Man, nothing burns me up more as a DM than a player who won't accept his rolls and does everything in his meta-game power to kill his current character in order to roll a new one.

What I normally do as a safeguard against this is have some "special" rules for the player's first characters. One thing I do a lot is allow the 4d6, drop lowest, arrange to taste method for the 1st character and then, if any second characters are needed, those guys are rolled up using 3d6 arrange to taste.

In a higher level campaign once, I told everyone at the beginning that if they lost their character, their second one would have to start at level 1.

Sometimes, I say that if you lose your character, you get an NPC that I've rolled up.

Or something along those lines. I do something to encourage keeping the first character, no matter how his rolls turn out.
 

That's great. It can still happen, though.

Sure. That's why people play the lottery.

And, that's why you probably don't know anyone who has been struck by lightning. But, both of those things happen.

Of course, rolling 4 ones on 4d6 is much more likely than either of those events.
 

Do you have any idea of the chance of rolling 4 ones on 4d6?

It's somewhere around 0%. More accurately, it's close to 0.077%. Odds are, you'll roll that sum once in 200 throws (or there abouts).

Gee what are the odds of more than 200 people making characters? Probably less than 1% I'll bet...
 

Man, nothing burns me up more as a DM than a player who won't accept his rolls and does everything in his meta-game power to kill his current character in order to roll a new one.

What I normally do as a safeguard against this is have some "special" rules for the player's first characters. One thing I do a lot is allow the 4d6, drop lowest, arrange to taste method for the 1st character and then, if any second characters are needed, those guys are rolled up using 3d6 arrange to taste.

In a higher level campaign once, I told everyone at the beginning that if they lost their character, their second one would have to start at level 1.

Sometimes, I say that if you lose your character, you get an NPC that I've rolled up.

Or something along those lines. I do something to encourage keeping the first character, no matter how his rolls turn out.

Boy - you're a barrel of laughs!
 

Sure. That's why people play the lottery.

And, that's why you probably don't know anyone who has been struck by lightning. But, both of those things happen.

Of course, rolling 4 ones on 4d6 is much more likely than either of those events.

Well, I don't know anyone who has been struck by lightning. However, I DO know someone who won $5M in a lottery.

And personally, I rolled a sequence of 1s on D20s and % dice (saves vs magic, poison, polymorph, system shock, etc.) that got a 2Ed DarkSun Dwarf with a 19 Con turned to ashes (the sequence in question was longer odds than winning the lottery, according to the math-whiz in the group). I also rolled a sequence of nat 20s and 100s on % that was similarly long odds.

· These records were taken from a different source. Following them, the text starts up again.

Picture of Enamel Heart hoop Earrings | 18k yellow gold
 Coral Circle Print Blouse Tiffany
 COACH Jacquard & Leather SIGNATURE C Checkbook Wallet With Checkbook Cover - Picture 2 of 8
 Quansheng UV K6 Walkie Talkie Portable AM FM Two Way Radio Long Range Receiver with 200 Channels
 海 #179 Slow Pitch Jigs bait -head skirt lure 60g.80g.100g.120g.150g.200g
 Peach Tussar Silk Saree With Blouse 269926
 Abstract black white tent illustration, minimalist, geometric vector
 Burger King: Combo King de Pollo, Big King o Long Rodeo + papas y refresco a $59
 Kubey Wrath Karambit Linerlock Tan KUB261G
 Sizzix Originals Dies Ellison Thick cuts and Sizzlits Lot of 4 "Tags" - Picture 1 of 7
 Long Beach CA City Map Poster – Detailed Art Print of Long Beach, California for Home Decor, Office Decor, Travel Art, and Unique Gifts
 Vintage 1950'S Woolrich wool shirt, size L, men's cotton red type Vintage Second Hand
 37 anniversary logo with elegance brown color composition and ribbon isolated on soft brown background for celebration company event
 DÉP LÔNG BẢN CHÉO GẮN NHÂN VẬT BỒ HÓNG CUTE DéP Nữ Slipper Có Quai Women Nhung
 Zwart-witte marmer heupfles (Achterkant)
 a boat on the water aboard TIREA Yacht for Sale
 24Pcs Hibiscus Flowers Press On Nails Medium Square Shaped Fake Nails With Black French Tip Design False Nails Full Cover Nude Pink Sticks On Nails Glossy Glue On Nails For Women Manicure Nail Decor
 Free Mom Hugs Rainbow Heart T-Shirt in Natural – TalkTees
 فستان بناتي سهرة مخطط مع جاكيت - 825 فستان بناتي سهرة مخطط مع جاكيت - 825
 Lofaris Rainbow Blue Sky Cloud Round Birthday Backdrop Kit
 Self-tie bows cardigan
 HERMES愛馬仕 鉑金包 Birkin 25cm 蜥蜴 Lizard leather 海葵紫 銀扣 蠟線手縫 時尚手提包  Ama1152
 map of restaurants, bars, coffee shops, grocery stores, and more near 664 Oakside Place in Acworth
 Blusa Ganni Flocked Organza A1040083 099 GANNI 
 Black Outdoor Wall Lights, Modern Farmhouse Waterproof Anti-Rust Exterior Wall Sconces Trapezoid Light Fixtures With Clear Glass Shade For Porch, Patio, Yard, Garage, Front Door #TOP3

Maybe I should play the lottery.
 


The player could always say "I quit this character".

So the PC effectively dies.

As a referee/DM I don't have a problem with it, but it is saying something to the like of "I won't play this game with statistics like these." Okay, but why? Any core class is playable with any rolls. It's up to the player to see it through.

Basically, what it comes down to is adjusting the difficulty level of the game. Only playing with high scores actually makes the game much easier for the player and less of a challenge. Playing with lower scores makes it that much more of an accomplishment to reach higher levels.

I guess I could see ditching scores to play a PC with lower ones, but it's not exactly something you hear every day.

Think of the game Solitaire. The order of the cards changes the difficulty of each game. As a challenge in powers of observation, the difficulty is nearly absent if every card flipped stacks with eventual closing out of every suit.
 


Boy - you're a barrel of laughs!
Yeah. I was being hilariously funny, too! :D

One of the most enjoyable characters I ever DM'ed was an Urban Druid who spent most of her time in the town's sewers. She never bathed and smelled horrible.

The player decided all that after rolling a 7 for Charisma.